N-S Colonnaded Street: Aims 2007
The north-south Colonnaded Street is a 280m long, ca. 9.70m wide artery, divided into three sloping sections, separated by two monumental staircases, required to overcome the 20m difference in height between its southern and northern ends. The 2005 and 2006 campaigns here were intended to supplement the older existing 1:200 scale map of the area, which only showed remains then visible on the surface. These excavations, situated in the northernmost of the street's three sections, entailed the clearing of a 45m long section of pavement and three small test soundings below the road surface. The western portico, which is by far the best preserved, was examined by two trenches; in 2006 we dug a test sounding within the shops behind the portico.

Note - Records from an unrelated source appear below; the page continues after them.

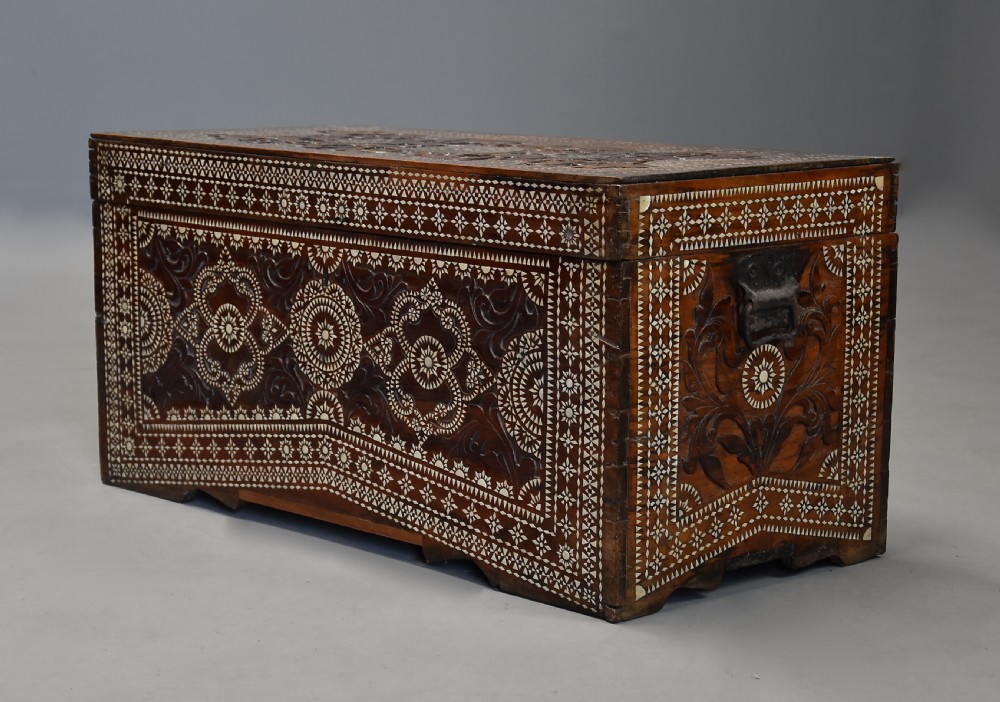 A dark hardwood rectangular storage trunk decorated with detailed relief carving and intricate geometric mother of pearl inlay across the front panel and lid. View III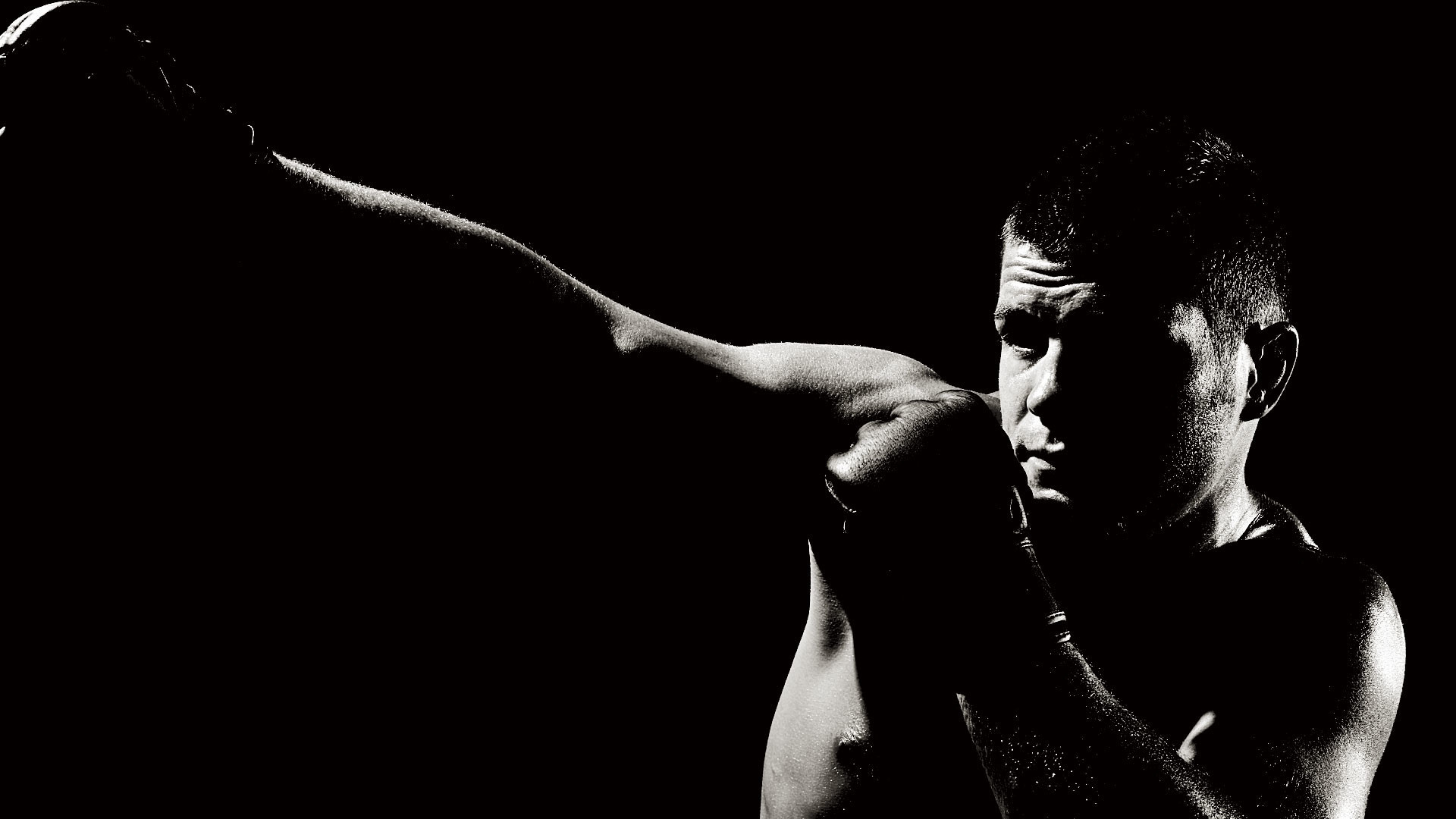 A black and white image of a martial artist throwing a punch in a dark setting, highlighting the intensity and focus of the movement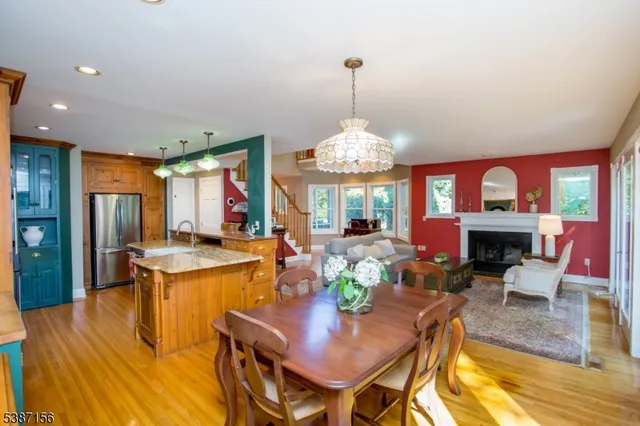 a view of a dining room with furniture a chandelier and wooden floor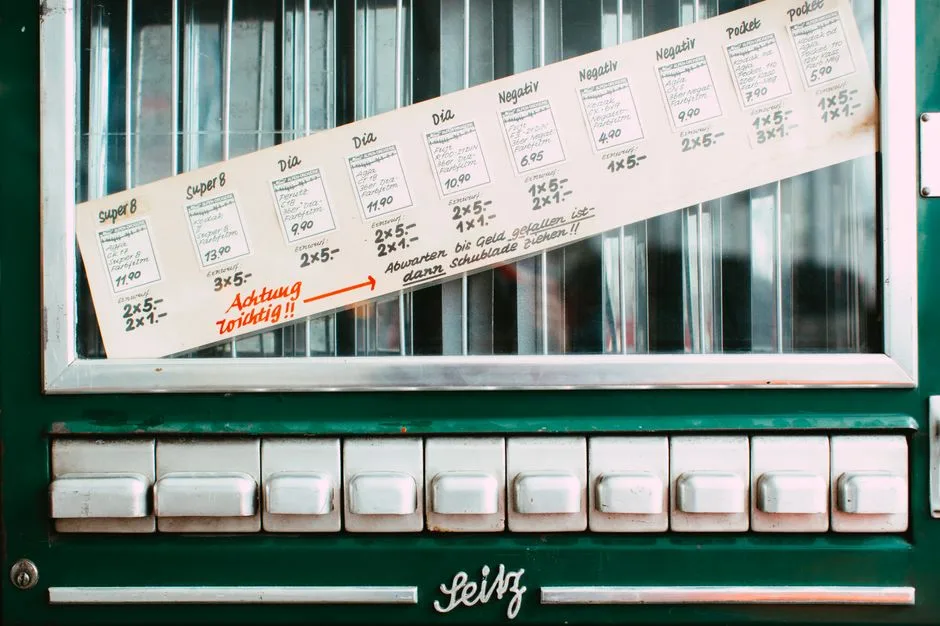 Vintage vending machine featuring German instructions and multiple white buttons.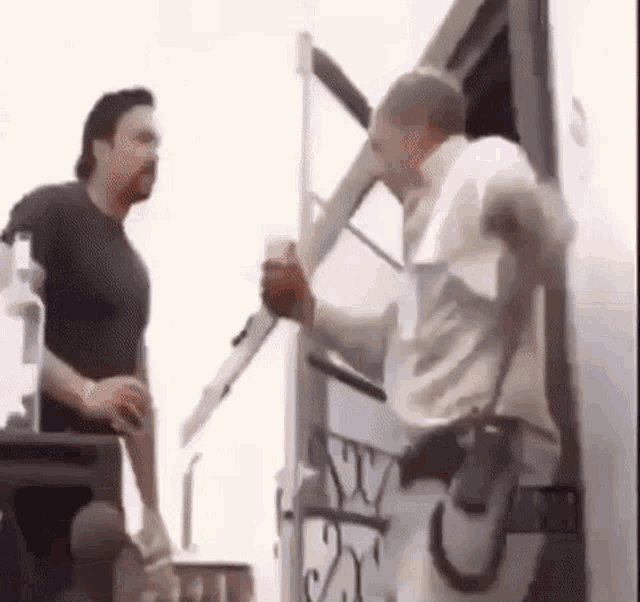 two men are standing next to each other in front of a trailer .
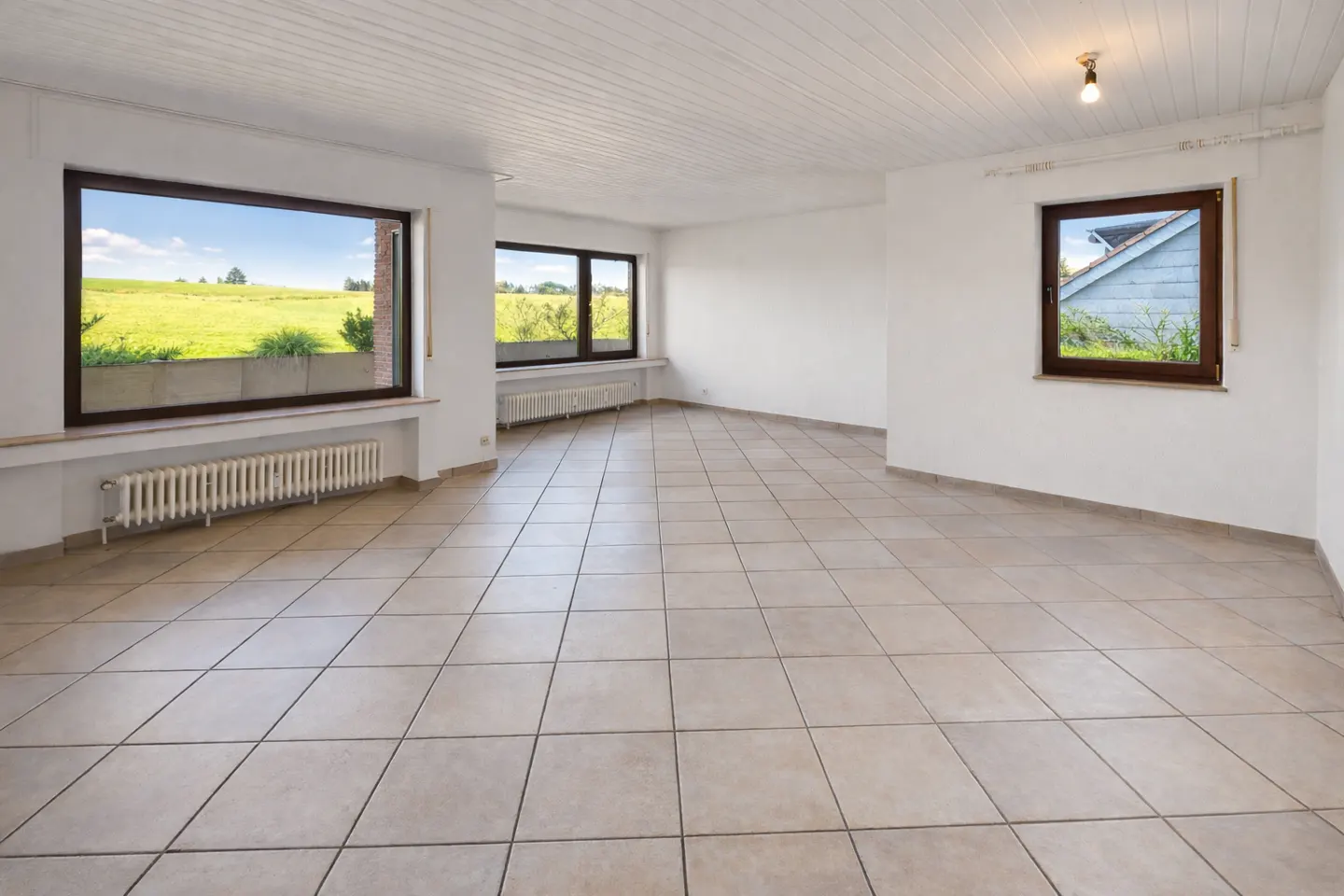 Empty room with beige tile floor, white walls, and wood-framed windows showing green fields. A white radiator sits under the largest window.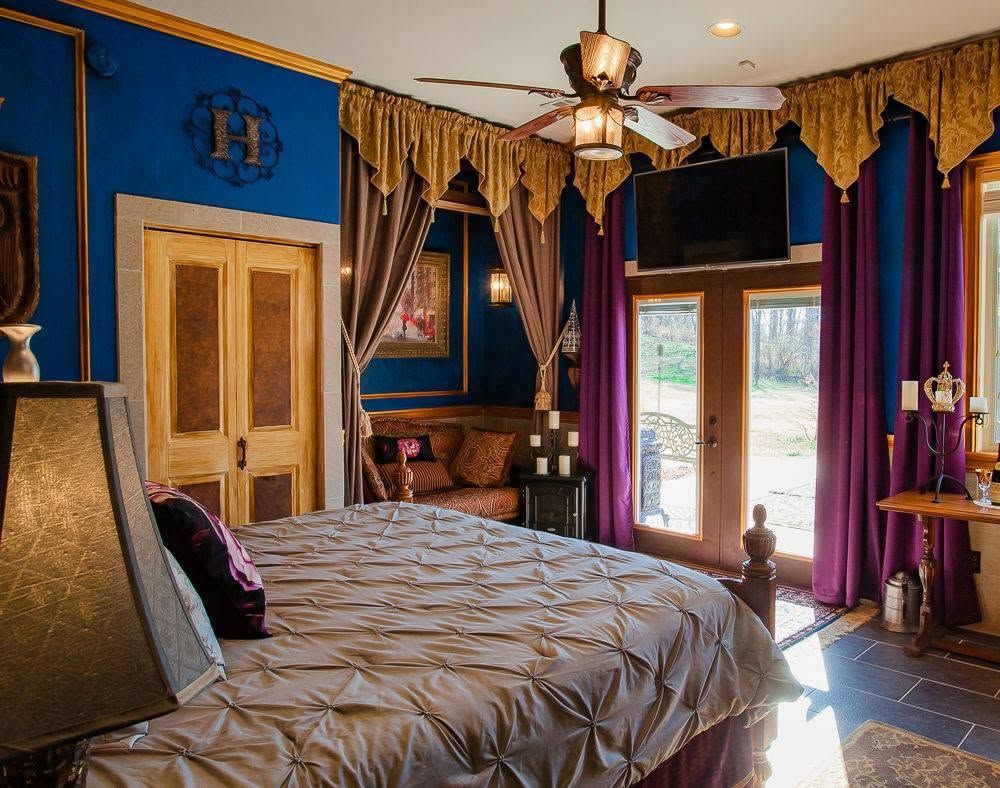 Elegant blue bedroom with purple drapes, a king bed, and sunlight through glass doors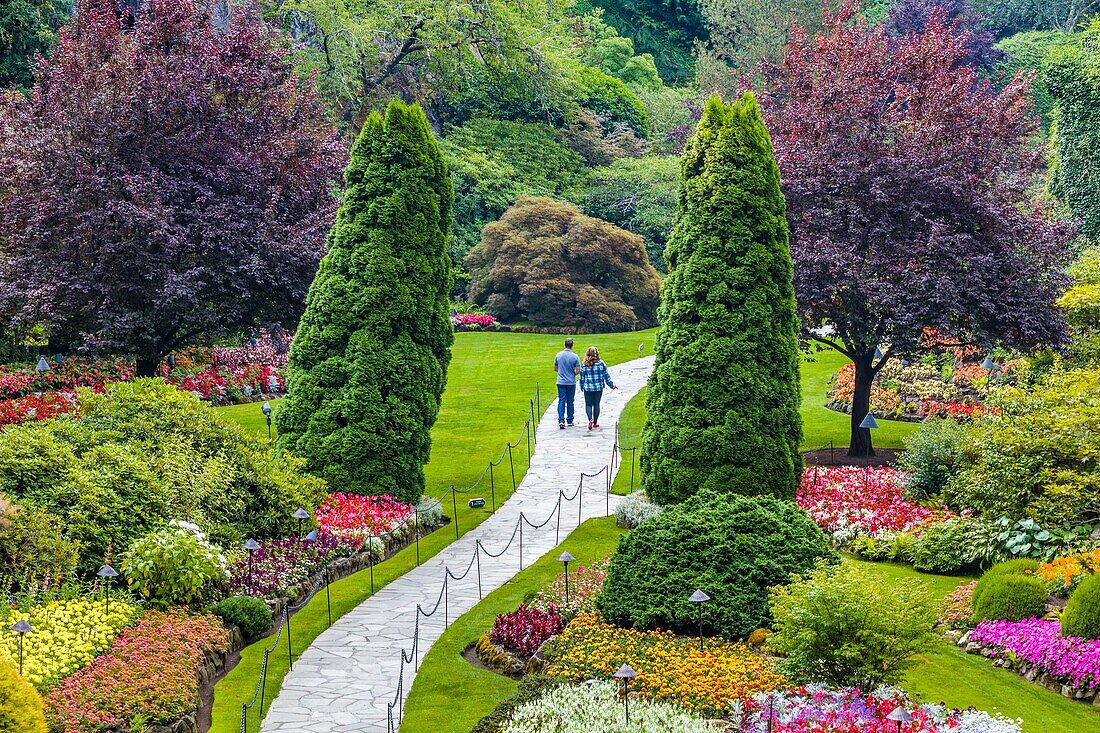 Tourists in Butchart Gardens in Victoria, British Columbia, Canada a National Historic Site of Canada.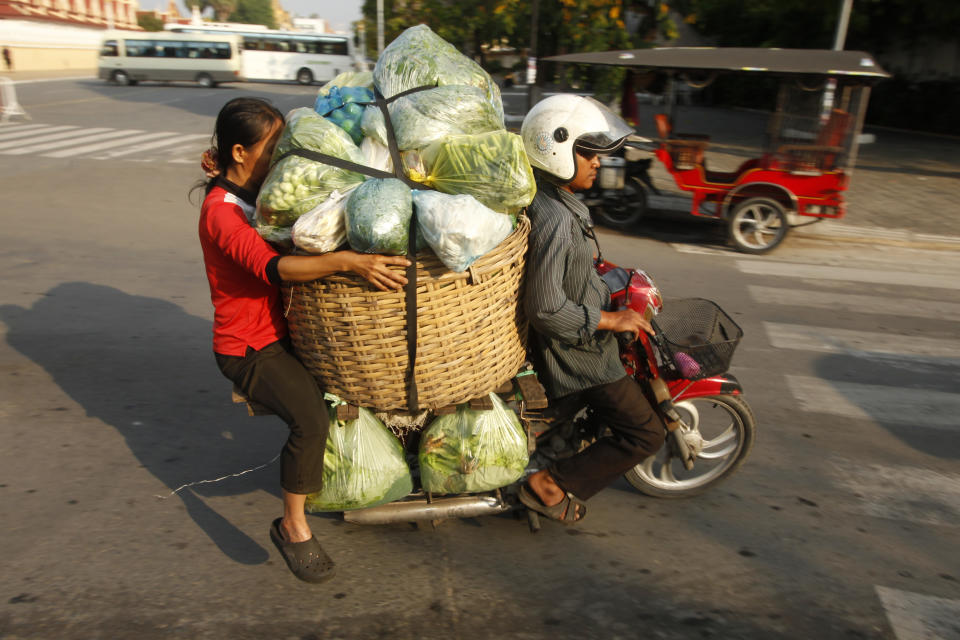 A Cambodian motor-taxi driver carries his costumer and her vegetable goods to the main market in Phnom Penh, Cambodia, Tuesday, Jan. 30, 2018. (AP Photo/Heng Sinith) 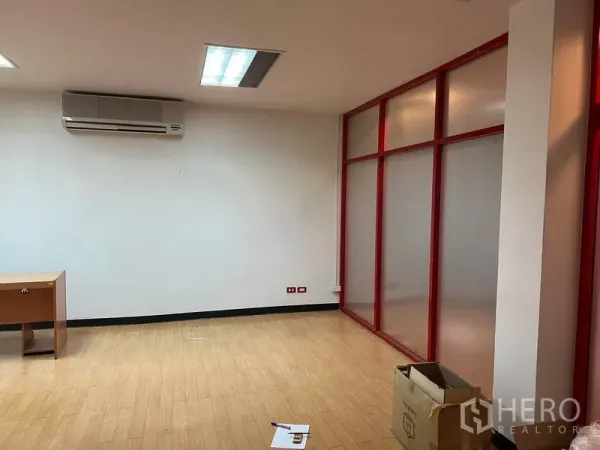 Office Space for rent in Khlong Toei, Bangkok - Private office area featuring a red-framed frosted glass partition, wall-mounted air conditioner, light wood flooring and a desk.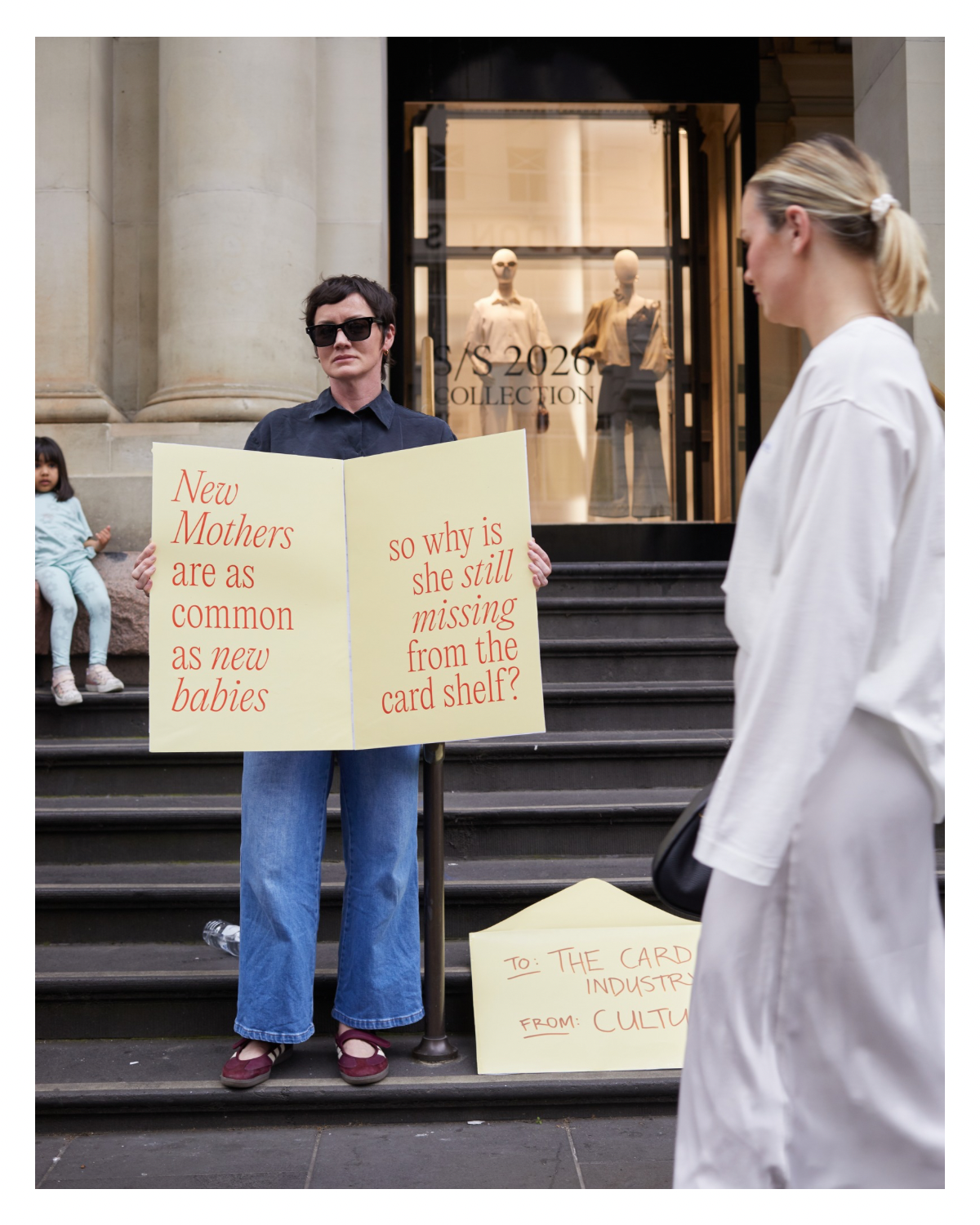 A woman with short dark hair, wearing sunglasses, a dark shirt, and blue jeans, holds a yellow sign with red text that reads, "New Mothers are as common as new babies so why is she still missing from the card shelf?" She is standing on steps outside a building with large columns. Another woman with blonde hair, wearing a white coat, stands in front of her. In the background, there are mannequins in a store window and children sitting on a bench.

Though we are slowly beginning to get a clearer idea of the complexity of activities in the Colonnaded Street area, many issues remain unsolved. Most of the activities we have identified cannot yet be dated or put in a relative order.
Although we possess strong evidence of a Hellenistic occupation of this area of Sagalassos, none of the test soundings uncovered material remains from this period until now, even though we reached bedrock in the portico and the shop. The southern border of the excavated area is ca. 5m from the Hellenistic gate in the south. A cleaning of the area, with removal of the rubble blocks covering the preserved gate structure, might elucidate the connection between the street, its borders, and the gate. A test sounding along its walls could establish a precise date for the construction of the Hellenistic walls and city gate, and also confirm their repairs ca. A.D. 400. Last year, we encountered bedrock at a very high level in the alignment of the bordering walls of the street, we need to establish if a portico in this southern area was possible and, if so, whether there was a connection between the street surface and the porticoes on the level above it and the area behind the portico and shops. Finally, a study of this area might also she light on the later blocking of the Hellenistic gate, which, if it was indeed carried out, must have put serious constraints on the traffic flow toward the city center from this direction.
Further excavation of the shops behind the portico is necessary in order to establish the exact plan and measurements of these units and to examine whether these changed throughout the history of the street. Moreover, we know from earlier campaigns that the foundation fills of these shops contain ceramic finds, which are unknown elsewhere in Sagalassos.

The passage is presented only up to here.